# Roofer didn't use underlayment in some places and says it's fine



## MrCanuck (8 mo ago)

As you can see in the photo, the roofer that did my house is just putting shingles directly onto the plywood, without using any underlayment. 
He says it was the way he was taught and that it would never leak up there. He said that leaks happen closer to the eaves. 

Correct me if I'm wrong, but I think that he skipped the underlayment to save time/money, and that the underlayment should have been done.

Can any experienced roofers help me with this? Is he right, or am I right?


----------



## roofermann (Jul 7, 2012)

We always use underlay on our roofs.

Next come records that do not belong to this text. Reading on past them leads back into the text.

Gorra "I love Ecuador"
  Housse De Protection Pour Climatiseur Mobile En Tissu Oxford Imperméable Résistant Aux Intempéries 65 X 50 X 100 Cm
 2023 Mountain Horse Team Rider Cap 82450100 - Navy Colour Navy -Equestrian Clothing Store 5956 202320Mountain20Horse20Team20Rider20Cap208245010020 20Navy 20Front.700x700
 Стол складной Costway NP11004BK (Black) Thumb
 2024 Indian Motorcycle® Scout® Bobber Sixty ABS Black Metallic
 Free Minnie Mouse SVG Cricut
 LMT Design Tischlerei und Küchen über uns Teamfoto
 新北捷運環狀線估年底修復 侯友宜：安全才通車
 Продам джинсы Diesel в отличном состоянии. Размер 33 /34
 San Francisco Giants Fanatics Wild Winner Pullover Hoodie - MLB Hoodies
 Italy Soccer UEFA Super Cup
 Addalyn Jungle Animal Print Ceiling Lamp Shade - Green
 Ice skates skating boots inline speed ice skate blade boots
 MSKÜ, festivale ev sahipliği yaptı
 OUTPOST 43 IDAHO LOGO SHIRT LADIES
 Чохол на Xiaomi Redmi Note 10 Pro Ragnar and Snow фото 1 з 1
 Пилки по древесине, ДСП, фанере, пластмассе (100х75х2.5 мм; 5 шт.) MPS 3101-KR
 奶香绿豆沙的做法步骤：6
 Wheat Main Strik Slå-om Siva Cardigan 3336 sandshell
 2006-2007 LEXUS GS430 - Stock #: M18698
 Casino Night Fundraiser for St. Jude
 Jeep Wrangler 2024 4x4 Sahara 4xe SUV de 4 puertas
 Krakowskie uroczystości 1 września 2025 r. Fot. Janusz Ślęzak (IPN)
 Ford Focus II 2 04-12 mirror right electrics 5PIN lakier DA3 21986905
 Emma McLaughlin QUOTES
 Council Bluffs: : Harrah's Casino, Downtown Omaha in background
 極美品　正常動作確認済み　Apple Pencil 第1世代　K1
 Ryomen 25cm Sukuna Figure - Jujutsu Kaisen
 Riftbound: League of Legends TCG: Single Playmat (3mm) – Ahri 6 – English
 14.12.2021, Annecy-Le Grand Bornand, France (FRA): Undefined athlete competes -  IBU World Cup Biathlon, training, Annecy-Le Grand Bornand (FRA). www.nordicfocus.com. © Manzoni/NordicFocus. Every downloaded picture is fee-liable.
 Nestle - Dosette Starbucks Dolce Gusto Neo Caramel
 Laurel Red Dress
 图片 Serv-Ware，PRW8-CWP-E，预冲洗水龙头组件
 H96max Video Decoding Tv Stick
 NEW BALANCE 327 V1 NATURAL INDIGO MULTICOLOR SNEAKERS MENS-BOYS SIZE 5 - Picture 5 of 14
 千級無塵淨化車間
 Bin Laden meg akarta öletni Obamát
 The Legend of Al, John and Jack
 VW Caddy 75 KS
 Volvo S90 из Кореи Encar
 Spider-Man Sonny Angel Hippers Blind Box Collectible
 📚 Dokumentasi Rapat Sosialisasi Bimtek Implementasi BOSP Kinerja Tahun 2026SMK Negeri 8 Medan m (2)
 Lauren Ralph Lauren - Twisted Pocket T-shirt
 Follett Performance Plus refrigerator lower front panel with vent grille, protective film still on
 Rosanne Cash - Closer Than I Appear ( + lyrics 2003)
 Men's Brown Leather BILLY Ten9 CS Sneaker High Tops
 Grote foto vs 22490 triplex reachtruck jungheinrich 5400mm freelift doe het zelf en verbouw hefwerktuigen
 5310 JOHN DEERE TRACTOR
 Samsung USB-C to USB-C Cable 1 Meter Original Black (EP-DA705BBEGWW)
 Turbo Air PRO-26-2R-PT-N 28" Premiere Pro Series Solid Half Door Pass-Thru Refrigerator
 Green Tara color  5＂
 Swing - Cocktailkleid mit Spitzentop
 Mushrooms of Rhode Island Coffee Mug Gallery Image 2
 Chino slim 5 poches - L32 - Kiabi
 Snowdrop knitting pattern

It's code in my area and required by the manufacturer, says so right on the wrapper.


----------



## MrCanuck (8 mo ago)

roofermann said:


> We always use underlay on our roofs. It's code in my area and required by the manufacturer, says so right on the wrapper.


Thanks for the reply. I live in Ontario, Canada and we get harsh Winters, so I would assume that it should be "code" in my area as well.


----------



## roofermann (Jul 7, 2012)

Ontario? Bad news, underlay (except an ice+water shield type at eaves and valleys) isn't code there. Blew my mind when I learned of that, they even have different verbage on the wrappers.


----------



## MrCanuck (8 mo ago)

roofermann said:


> Ontario? Bad news, underlay (except an ice+water shield type at eaves and valleys) isn't code there. Blew my mind when I learned of that, they even have different verbage on the wrappers.


Oh really eh? Geez, that is surprising. Well, I suppose I shouldn't expect leaks then (as I assume it isn't code because the shingles on top of the plywood is sufficient)? I always thought underlayment was necessary when putting a new roof on. Guess I learned something today.


----------



## roofermann (Jul 7, 2012)

I've torn off 20yo+ roofs that had no underlay and the sheathing was fine, so if he did a good job on the shingles you should be fine.


----------



## MrCanuck (8 mo ago)

roofermann said:


> I've torn off 20yo+ roofs that had no underlay and the sheathing was fine, so if he did a good job on the shingles you should be fine.


Nice to hear that from an experienced roofer. Thanks for taking the time to educate me.


----------



## MaritLage (8 mo ago)

it might be possible to find a roofer who will agree to do underlayment even if it isn·t required -- it does get quite cold up here . quite cold .


----------